Lundi dernier, dernier jour d’examen du projet de loi « pour une République numérique », la sénatrice LR Joëlle Garriaud-Maylam présente l’amendement 419 prévoyant d’empêcher « Les professionnels commercialisant des livres numériques [d’]exiger de leurs acheteurs qu’ils règlent avec une carte bancaire française, [ou de] limiter la possibilité d’achat aux clients dont l’adresse IP est située en France ».

En effet, la sénatrice élue des Français résidant à l’étranger, pointe le géoblocage qui rend impossible pour un Français établi hors du territoire national d’acheter des ebooks vendus en France.

« Alors que la numérisation des œuvres constitue une formidable opportunité de diffusion de notre patrimoine culturel hors de nos frontières, ces freins commerciaux pénalisent non seulement les consommateurs français à l’étranger, mais aussi notre commerce extérieur et la francophonie », a-t-elle ainsi dénoncé.

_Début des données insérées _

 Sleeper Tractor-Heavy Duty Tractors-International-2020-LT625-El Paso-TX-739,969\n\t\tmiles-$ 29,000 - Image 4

En outre, elle estime que le geoblocking est « en porte-à-faux avec la directive européenne 2006/123/CE, dont l’article 20 interdit les ‘discriminations fondées sur la nationalité ou le lieu de résidence’ au sein du marché intérieur européen ».

Pour la sénatrice, cette interdiction « est une nécessité, tant sur le plan économique que culturel ».

Une technique également utilisée sur Netflix et qui empêche un utilisateur d’accéder au catalogue d’un pays étranger (sauf VPN et autre proxy).

L’occasion pour le sénateur PS Jean-Yves Leconte de soutenir l’amendement, contre l’avis du gouvernement, en faisant part de sa propre expérience qui l’a poussé à… « apprendre à pirater » : « J’ai appris à pirater. J’ai appris à faire du pair à pair (P2P) », a ainsi confié celui qui représente les Français établis hors de France.

Pour contourner cette limitation, le sénateur encourage donc l’utilisation d’un proxy, estimant qu’« Il faudrait quand même que tous ces gens comprennent qu’on ne peut plus pratiquer le droit d’auteur au XXIe siècle comme au XIXe siècle ! »

Un avis que ne partage pas le gouvernement représenté par Axelle Lemaire, secrétaire d’État chargée du Numérique. Pour elle, l’application d’un prix unique du livre numérique à l’échelle mondiale est tout simplement impossible : « La territorialité de la loi française l’empêche, ce n’est pas une disposition d’ordre public ». Renvoyant une nouvelle fois vers Bruxelles et sa prochaine directive sur le droit d’auteur.